Here's how the FCC defined terms back in their first attempt at net neutrality regulation in October 2014:
Edge Provider. Any individual or entity that provides any content, application, or service over the Internet, and any individual or entity that provides a device used for accessing any content, application, or service over the Internet.

End User. Any individual or entity that uses a broadband Internet access service.
They interpreted it to mean anyone sending packets over the internet. As the Washington Post noted, that includes literally everyone on the internet. To read this blog post, you had to send an http request to my blog server, which then replied with the html text, which then caused you to send off several other http requests back to my server to get image files, CSS files, javascript files, and more. If you look at that Taylor Rule Calculator in the upper right on this blog, you actually sent four different http requests to the St. Louis Federal Reserve servers to get that data. Congrats! The FCC says YOU are an edge provider!

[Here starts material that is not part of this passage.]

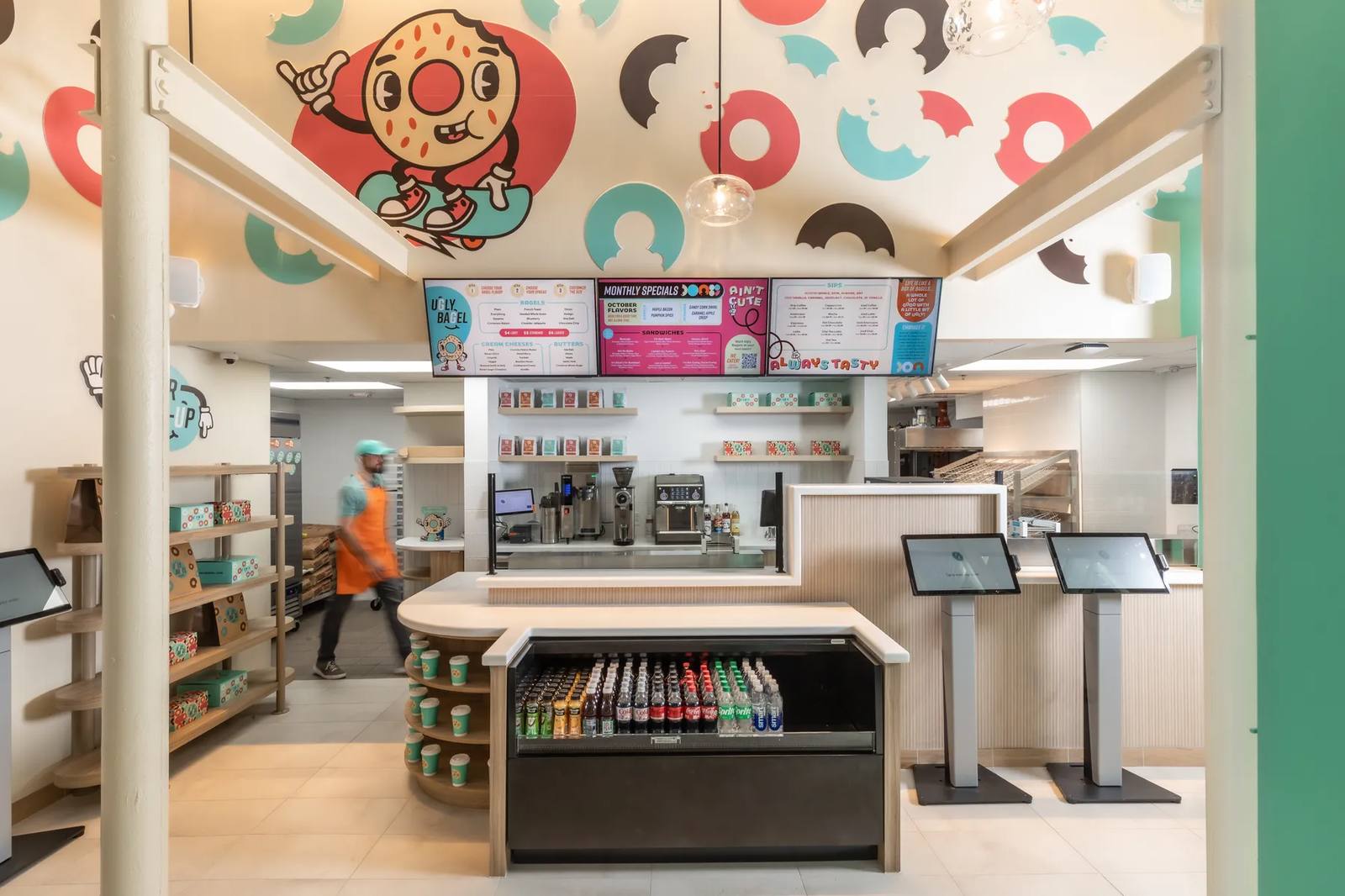 Ugly Bagel interior counter and ordering area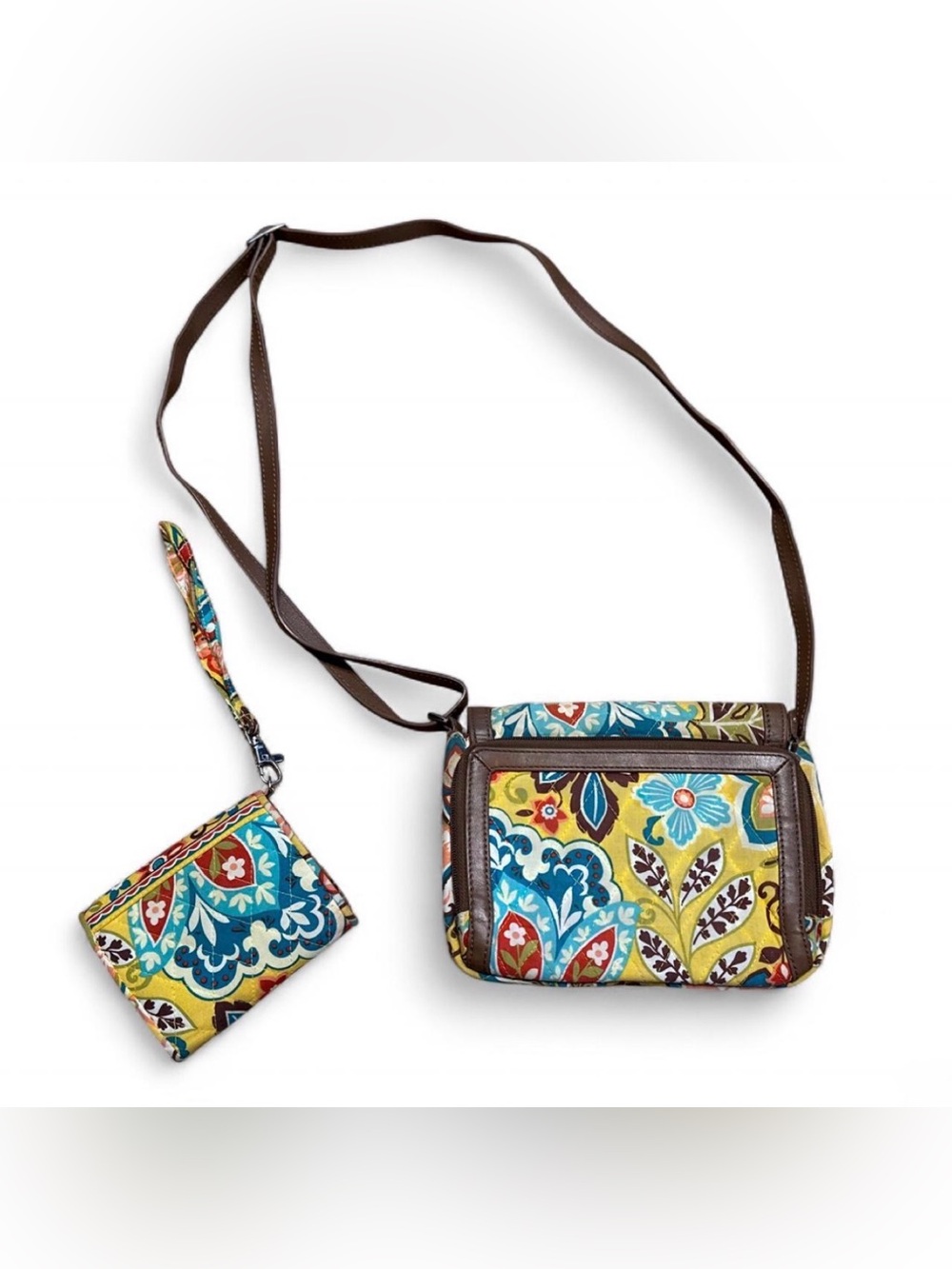Vera Bradley Patricia Quilted Floral Crossbody Bag & Matching Wallet Set Retired - Picture 4 of 8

The FCC is wrong of course. The term "edge provider" meant something to network programmers long before the FCC and the net neutrality debate corrupted the term. To understand what an edge provider is, you must first learn about the provider edge. I've made a crappy graphic to help:
There are two Internet Service Providers, Time Warner on the left, and Comcast on the right, which connect various end users, denoted by the thin spokes, to each other. When an end user on one provider network wants to communicate with an end user on a different network, that network traffic must cross the "provider edge"--a super-speed connection between ISPs, shown here as the thick line between Time Warner and Comcast. Providers must agree on how to split revenues in order to maintain the common provider edge infrastructure.
In this graphic, there are two Internet Service Providers (ISPs)--the ISP on the left is part of Time Warner, while the ISP on the right is part of Comcast. The small spokes coming off of each ISP are the connections to individual "end users"--that is, internet subscribers--of each respective ISP. The giant connection between Time Warner and Comcast is a super-speed internet connection between two (or more) ISPs known as the "provider edge."

Note that in the graphic, Netflix, as well as the two Netflix subscribers, are all end users. All three have paid their respective ISPs for access to the internet. Consider what happens when Netflix subscriber 1 streams videos online: Time Warner collects money from Netflix for uploading those packets, and then charges Netflix subscriber 1 again for downloading those same packets. Both Netflix and the subscriber pay Time Warner for that activity. Now consider the case where Netflix subscriber 2 watches Netflix videos: Comcast gets money from Netflix subscriber 2 for downloading those packets, but doesn't get any money from Netflix for uploading those packets--the portion Netlfix pays actually goes to Time Warner instead of Comcast. Thus, from Comcast's perspective, Netflix is an "edge provider" and not one of their "end users." On the flip side, from Time Warner's perspective, it's Netflix subscriber 2 that's the edge provider, sending all these http requests to one of their own end users (Netflix) without paying them for the internet connection.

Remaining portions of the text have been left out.